In short, if FDR had made different choices, it might have been plausible to end the Holocaust a few months earlier, maybe even half a year earlier, although certainly at the cost of many American soldiers' lives. It is ridiculous to think that he could have ended it years earlier, much less a decade earlier. It is several orders of magnitude more ridiculous to think that Trump, who is endowed with a fraction of FDR's intelligence and his political skill, and who does not have a Congress dominated by his own political party, could have done it.

With all of this said, the purpose here is not to shred to pieces Dershowitz' dubious interpretation of history. That's just a bonus. It's really to highlight the mindset that has clearly taken hold among the MAGA war hawks—Donald Trump, Secretary of Defense Pete Hegseth, Sen. Lindsey Graham (R-SC), Dershowitz, etc. They have somehow persuaded themselves (or they always believed) that war is simply a matter of who has the biggest, swingingest dick, and the primary determinant of outcomes is whether or not the president has the will to actually use that dick.

If one indulges in this sort of thinking then it means, first of all, that there's no need for planning or other such annoyances. It also means that there's no need to build consensus around the war, since the leader has made his decision, and it's the duty of the people to fall in line—never mind that they might have legitimate reasons for their opposition.
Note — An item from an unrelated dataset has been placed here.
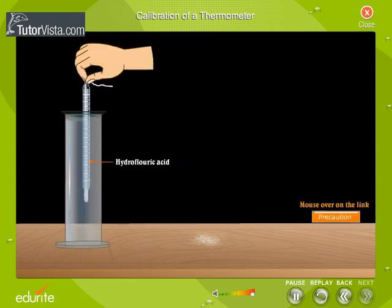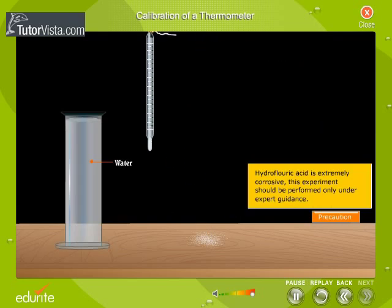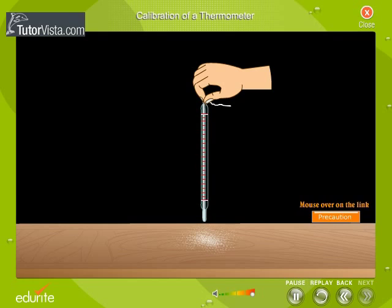The thermometer is dipped in hydrofluoric acid for a few minutes. The acid reacts with the exposed glass surface. However, the part of the thermometer which is wax-coated remains unaffected. The thermometer is removed from the acid and then washed with water. The wax is now scrubbed off. The etchings are then filled with paint for clarity. This calibrated thermometer is ready for use.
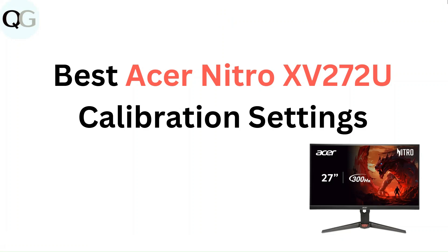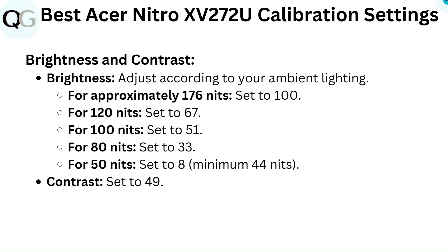Hello everyone, in this video you are going to learn about the best Acer Nitro XV272U calibration settings.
Trump has already displayed this approach in his remarks about other presidents' wars. He arrogantly and ignorantly claimed that, if he'd been alive in the 1850s, he would have prevented the Civil War with his alleged dealmaking skills. He's also arrogantly and ignorantly claimed he could have done better with the Iraq War and with the withdrawal from Afghanistan. Oh, and he's also a fellow who said he could easily do better than Barack Obama did on Iran and, well, look where we are now.

This is the first time that the Trump mindset has been applied to a war that Trump is himself responsible for. He's not in the cheap seats anymore, he's front-row-center. This is why the joke we're seeing most often on social media these days (and we thank the readers who first brought it to our attention) goes like this: "What's the difference between the Vietnam War and the Iran War? Trump had a plan for getting out of Vietnam."

What is frightening is that if the people making the decisions don't get some humility, and some sense that no matter how powerful your military is there are limits to what you can do, then people will die. Lots of them. Just yesterday, Graham decreed that he would like to see the U.S. Marines invade Iran's Kharg Island: "We did Iwo Jima. We can do this. My money is always on the Marines." Undoubtedly, the Marines appreciate the well-deserved respect they are receiving here. However, Iwo Jima was one of the bloodiest battles of World War II, and it was fought well before the advent of modern missiles and drones. Graham is never going to be asked to put his life on the line, so of course he's willing to accept the risk here. But "Marines rule!" + "Well, we've done it before!" is lazy analysis, and is the kind of thinking that could lead to a bloodbath.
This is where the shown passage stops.